能生港灯台「政府から自治体管理となった灯台利活用と課題」 (全国灯台文化価値創造フォーラムより)

2019/12/27

2019年12月10日、灯台のある全国自治体が一堂に会し「全国灯台文化価値創造フォーラム」が開催されました。自治体による灯台利活用の先行事例について考察する「CASE STUDY」として、新潟県糸魚川市の能生商工会で副部会長・磯貝俊英氏により、「政府から自治体管理となった能生港灯台の利活用と課題」について発表がありました。

能生港灯台は昭和24年、能生町によってその前身となる「能生港灯柱」が設置され、昭和26年には海上保安庁に管轄が移管されています。

 

その後、2016年に最初期となる全国20カ所の認定灯台の1つとして「恋する灯台」宣言。しかしそれと同時期に、灯台としての役割や必要性の低下から国により廃止の方針が出されます。

磯貝氏は力強い声で「廃止の方針を受けた市は、能生港灯台が『恋する灯台認定をいただいていること』そして『地域住民にとって能生港灯台は能生のシンボルである』との声を受け止め、灯台を市で買い取る決断を下しました」と、当時の能生港灯台のターニングポイントについて語ります。

 

これにより平成29年9月、市の管理のもと正式に“恋する灯台の町”としてPRしていく姿勢を示された能生商工会は、行政との連携を図りながら第一弾目の事業として、認定を記念する「恋する灯台モニュメント」を設置。

「弁天岩とその上に立つ灯台、赤い欄干の曙橋がモニュメントと共に全て写真に納まるロケーションに設置できた」と磯貝氏。

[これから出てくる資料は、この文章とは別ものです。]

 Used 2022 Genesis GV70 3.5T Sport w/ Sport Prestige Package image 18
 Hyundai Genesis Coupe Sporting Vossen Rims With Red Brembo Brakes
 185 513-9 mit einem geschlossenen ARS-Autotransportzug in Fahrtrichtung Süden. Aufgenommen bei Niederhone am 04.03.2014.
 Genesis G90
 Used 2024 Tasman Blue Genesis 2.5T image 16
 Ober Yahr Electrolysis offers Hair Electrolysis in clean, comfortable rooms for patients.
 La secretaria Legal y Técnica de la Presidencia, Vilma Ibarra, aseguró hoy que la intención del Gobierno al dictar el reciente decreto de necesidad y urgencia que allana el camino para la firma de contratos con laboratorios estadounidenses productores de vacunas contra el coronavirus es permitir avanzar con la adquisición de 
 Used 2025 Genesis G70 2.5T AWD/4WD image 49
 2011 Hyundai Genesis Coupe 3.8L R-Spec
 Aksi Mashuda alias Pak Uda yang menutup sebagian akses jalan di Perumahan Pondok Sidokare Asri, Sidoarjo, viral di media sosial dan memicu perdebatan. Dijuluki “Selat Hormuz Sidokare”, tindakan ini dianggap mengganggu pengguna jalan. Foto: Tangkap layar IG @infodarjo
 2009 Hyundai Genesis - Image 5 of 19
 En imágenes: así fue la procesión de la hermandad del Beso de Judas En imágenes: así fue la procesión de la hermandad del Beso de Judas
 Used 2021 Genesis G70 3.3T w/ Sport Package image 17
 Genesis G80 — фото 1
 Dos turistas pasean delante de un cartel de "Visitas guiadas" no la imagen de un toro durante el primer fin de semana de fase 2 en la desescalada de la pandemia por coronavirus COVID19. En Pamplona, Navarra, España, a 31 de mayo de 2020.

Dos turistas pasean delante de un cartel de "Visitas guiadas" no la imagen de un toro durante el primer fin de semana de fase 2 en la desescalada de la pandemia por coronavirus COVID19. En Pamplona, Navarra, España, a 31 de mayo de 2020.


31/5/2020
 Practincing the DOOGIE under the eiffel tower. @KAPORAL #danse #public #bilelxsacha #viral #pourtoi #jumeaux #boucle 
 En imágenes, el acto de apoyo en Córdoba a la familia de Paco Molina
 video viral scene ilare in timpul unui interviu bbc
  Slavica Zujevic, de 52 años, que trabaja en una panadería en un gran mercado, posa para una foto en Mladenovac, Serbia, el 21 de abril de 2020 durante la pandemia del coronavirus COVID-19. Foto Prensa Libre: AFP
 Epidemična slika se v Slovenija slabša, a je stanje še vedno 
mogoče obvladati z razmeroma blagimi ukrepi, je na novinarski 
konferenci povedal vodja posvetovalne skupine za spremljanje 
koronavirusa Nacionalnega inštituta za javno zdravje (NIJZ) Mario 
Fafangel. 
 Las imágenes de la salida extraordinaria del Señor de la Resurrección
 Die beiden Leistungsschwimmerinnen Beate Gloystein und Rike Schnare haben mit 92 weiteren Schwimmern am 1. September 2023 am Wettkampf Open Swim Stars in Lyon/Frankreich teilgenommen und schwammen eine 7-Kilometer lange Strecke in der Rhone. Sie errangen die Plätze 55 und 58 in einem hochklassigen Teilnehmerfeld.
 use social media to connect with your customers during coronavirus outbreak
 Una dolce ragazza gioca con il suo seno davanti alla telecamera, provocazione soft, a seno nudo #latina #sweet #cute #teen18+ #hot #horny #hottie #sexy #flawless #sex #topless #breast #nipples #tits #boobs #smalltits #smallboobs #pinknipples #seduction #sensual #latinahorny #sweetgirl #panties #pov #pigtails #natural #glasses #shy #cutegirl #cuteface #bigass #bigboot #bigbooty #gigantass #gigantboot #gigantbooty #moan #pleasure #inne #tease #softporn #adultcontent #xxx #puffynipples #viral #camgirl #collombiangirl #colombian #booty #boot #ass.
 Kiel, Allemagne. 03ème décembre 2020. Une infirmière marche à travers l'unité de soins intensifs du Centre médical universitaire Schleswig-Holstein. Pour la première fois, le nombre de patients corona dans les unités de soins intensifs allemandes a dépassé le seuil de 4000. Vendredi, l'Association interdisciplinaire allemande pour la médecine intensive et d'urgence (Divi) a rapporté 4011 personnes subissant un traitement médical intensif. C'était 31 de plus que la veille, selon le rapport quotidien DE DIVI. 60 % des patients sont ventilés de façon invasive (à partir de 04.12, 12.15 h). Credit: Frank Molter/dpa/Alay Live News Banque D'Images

そして次なる事業として、弁天岩で祀られている厳島神社からヒントをもらい、恋愛成就&縁結びを祈願する「絵馬」を制作。絵馬のデザインは糸魚川で採取できる日本の国石ヒスイの勾玉を象り、2つ重ねたハートのマークにしたのだとか。

 

続いて、地域の店舗や観光スポットを紹介する「街歩きガイドマップ」の制作、商工会青年部主催の「恋活パーティ」、「曙橋のライトアップ」を実施。そして定着化した事業として「恋する灯台フォトコンテスト」や歴史ある「能生ふるさと海上花火大会」でナイアガラの滝“恋する灯台認定記念・大仕掛け”バージョンを披露する様子など、過去の事業について動画を駆使しつつ説明。

最後に今年11月に実施したばかりの「恋する灯台・絵馬掛けパネルのお披露目会および絵馬掛け式」を紹介して、これまでの事例としました。

今後の展開として、「恋する灯台広場」を拡張するなど灯台周辺の環境整備に力を入れ、「イベントなどの仕掛けを官民一体で取り組んでいきたい」と、集客への取り組み予定を述べ報告を締めました。